Sa nouvelle production, Une semaine de vacances, se compose de 130 pages sans doute imprimées chez À Vu d'oeil (éditeur de livres à gros caractères pour personnes mal-voyantes), à raison d'une vingtaine de lignes de huit mots par page, cernées de marges plus larges que le texte. Le tout pour la modique somme de 14 €.

 

Oui, d'accord, me direz-vous, mais pour lire quoi ?! Et bien pour lire L'inceste, son plus gros succès, publié en 1999. voilà la meilleure recette d'Angot : se réécrire. Sauf qu'elle est désormais capable de faire des phrases. Des vraies. Sans trop de répétitions. Comme ça. Ça.

Elle raconte comment son père lui a fait manger une tranche de jambon enroulée autour de sa b***. Affligeant. Écrire, publier, lire un roman de Christine Angot est une offense à la littérature. Non pas que je suis sans cœur , elle s'est tout de même faite violer par son père...

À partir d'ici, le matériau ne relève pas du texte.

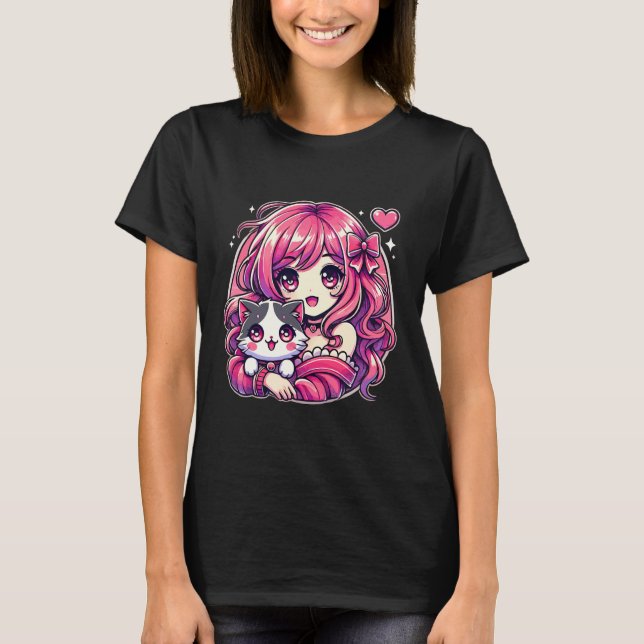 Camiseta Anime Girl and Cat Kawaii Manga Girl (Frente)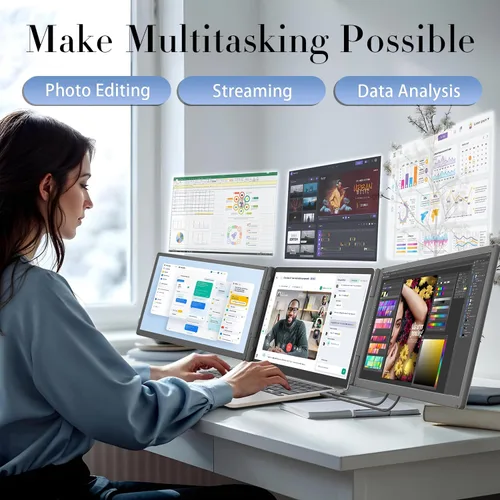 Miniatura 8 de Teamgee Extensor de pantalla para laptop de 15.6 pulgadas con banco de energía, monitor triple FHD 1080P IPS, pantalla HDMI/USB/Hub Plug-Play, se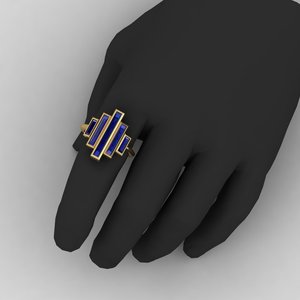 Anillo de Lujo de Plata 925 con Zafiro Azul Vintage y Cuarzo, Corte Baguette, Engaste de Bisel, Anillo de Boda, Joyería Fina, Regalo para Mujer - Product Image 6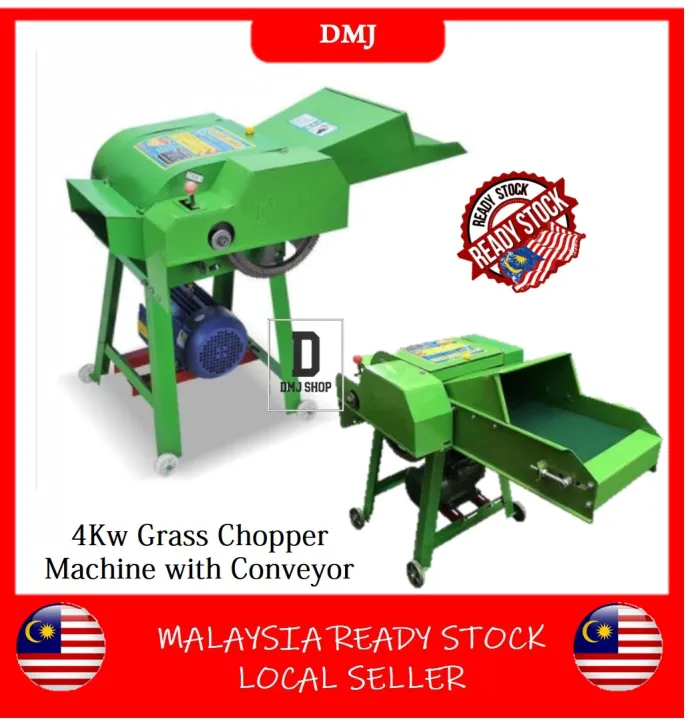 4000 Watt Electric Chopper Machine With Conveyor Belt 6 Knife Grass ...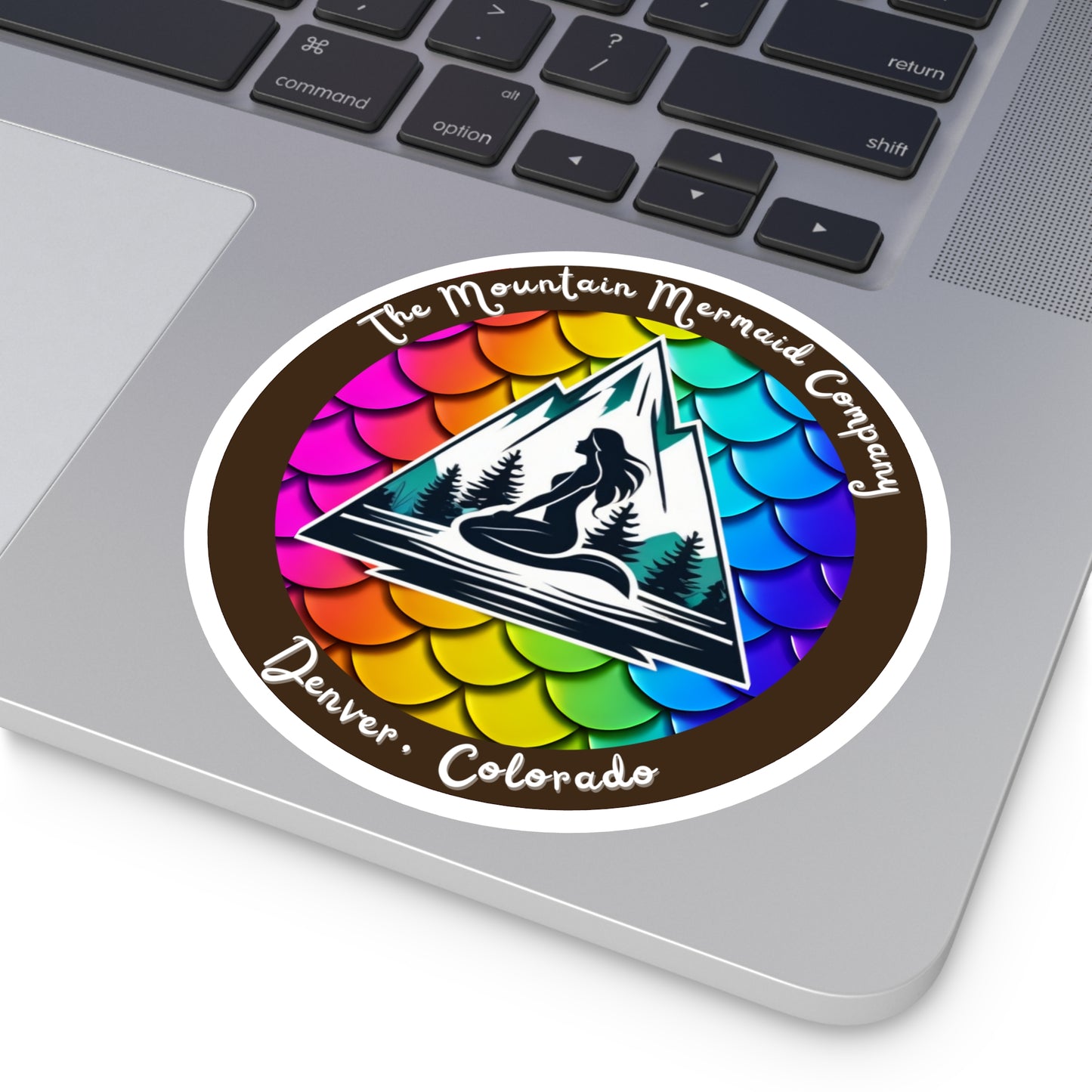 Rainbow Mermaidcore Indoor/Outdoor Sticker -  Durable Decal for Cars, Laptops and Water Bottles, Gift for Mermaid Lovers - The Mountain Mermaid Company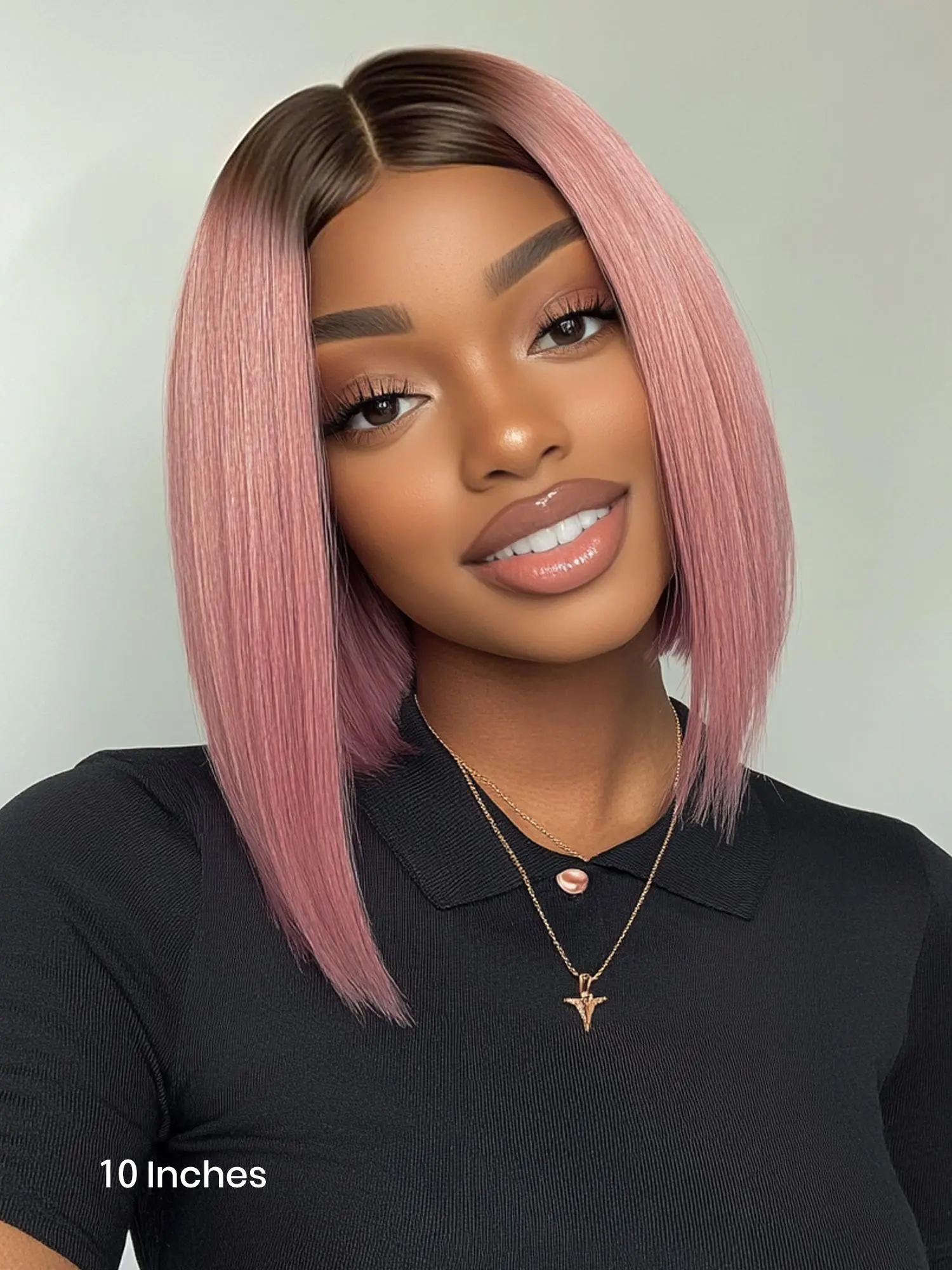 Short Straight Human Hair Wigs for Women, Gorgeous Fluffy Wigs without Bangs, Human Hair T Part Lace Wigs for Party, Daily Use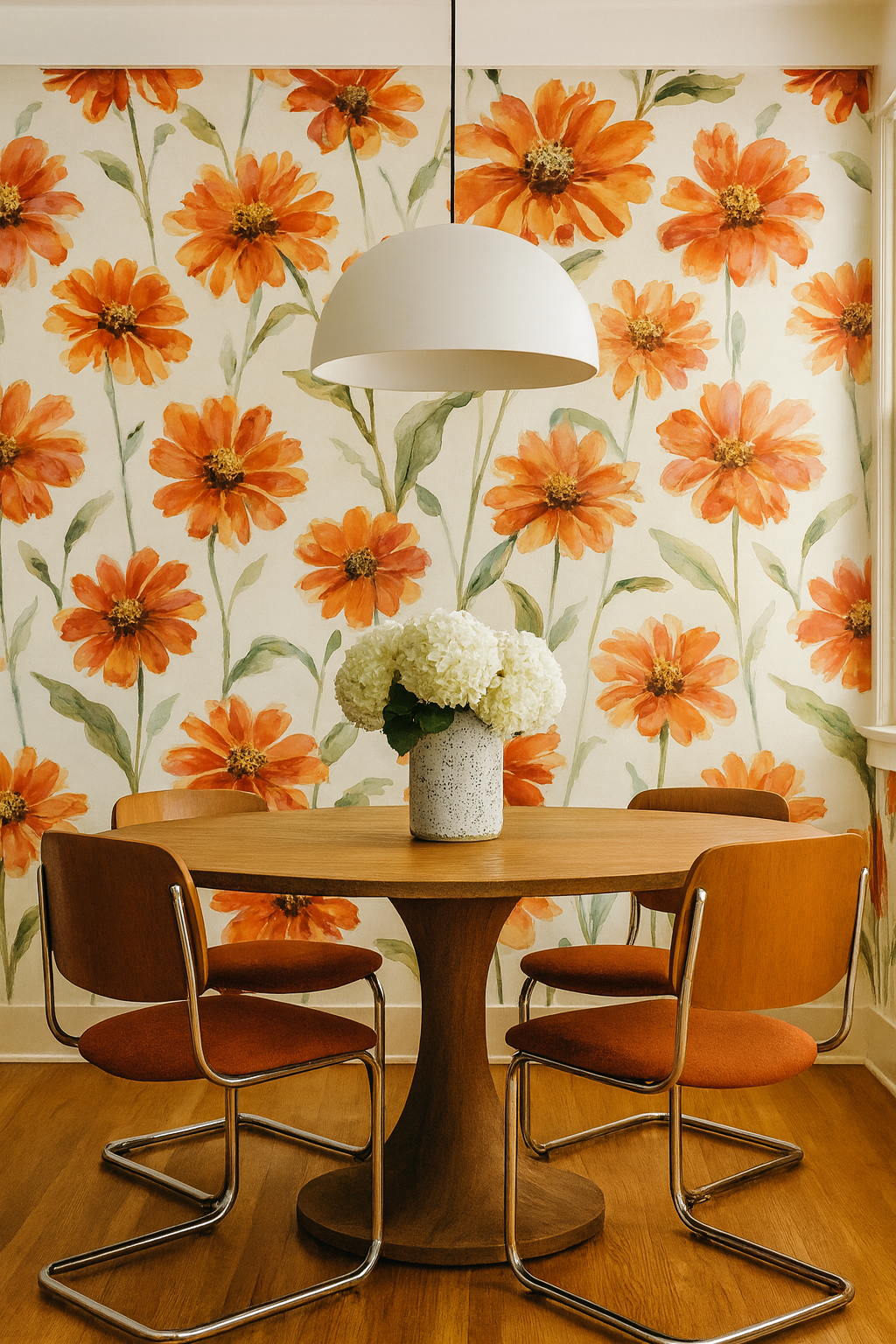 Sun-Kissed Tithonia Wallpaper featuring an orange floral pattern, covering a wall above a round wooden table with chairs.
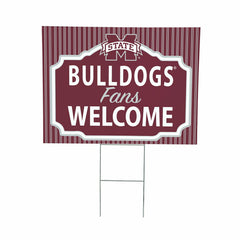 Mississippi State University Coroplast Yard Sign, "Fans Welcome" - Collegiate Home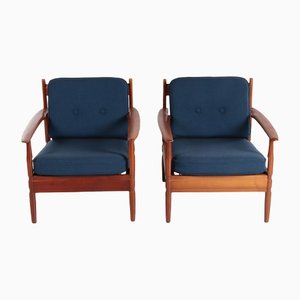 Vintage Armchairs by Grete Jalk attributed to France and Son / France & Daverkosen, Denmark, 1960s , Set of 5-EZZ-1371531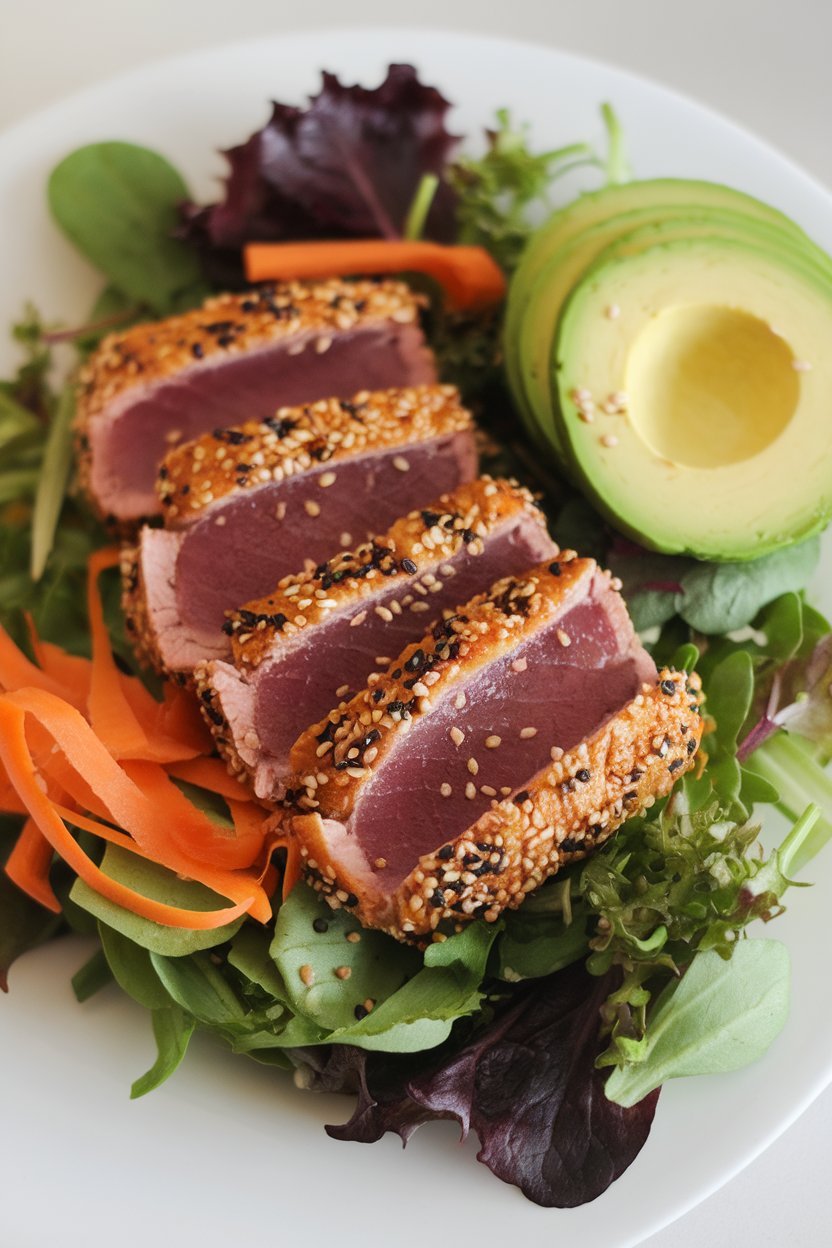 Indoor photo of sliced seared sesame-crusted tuna (fully cooked through) atop mixed greens with sliced avocado and carrot ribbons, sesame seeds sprinkled on top. No logos or text.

Quoi que, avec la tronche qu'elle a, on peut se demander si ce n'est pas juste un moyen de vendre... Je suis ignoble ? Oui, peut-être. Certainement, même. Mais je ne la supporte plus. Angot, c'est un peu comme une flaque de vomi sur votre chemin, un peu comme un vieux qui se racle la gorge, la trachée, les intestins pendant trente secondes avant de cracher un immonde mollard à vos pieds, un peu comme une tranche de jambon cuit enroulée autour du sexe de votre père. C'est quelque chose qui me dégoûte. Alors, oui, je suis ignoble, mais finalement pas plus qu'elle.

Cet article aussi, d'ailleurs, est ignoble, ne croyez pas que je dirai ne serait-ce qu'une chose gentille au sujet d'Angot. Ne poussez pas non plus le bouchon trop loin en vous demandant si j'ai lu Une semaine de vacances. Je vous arrête tout de suite : je n'ai pas dépassé la troisième page. Je m'étais déjà farci plusieurs pages de Léonore, toujours, faut pas déconner non plus.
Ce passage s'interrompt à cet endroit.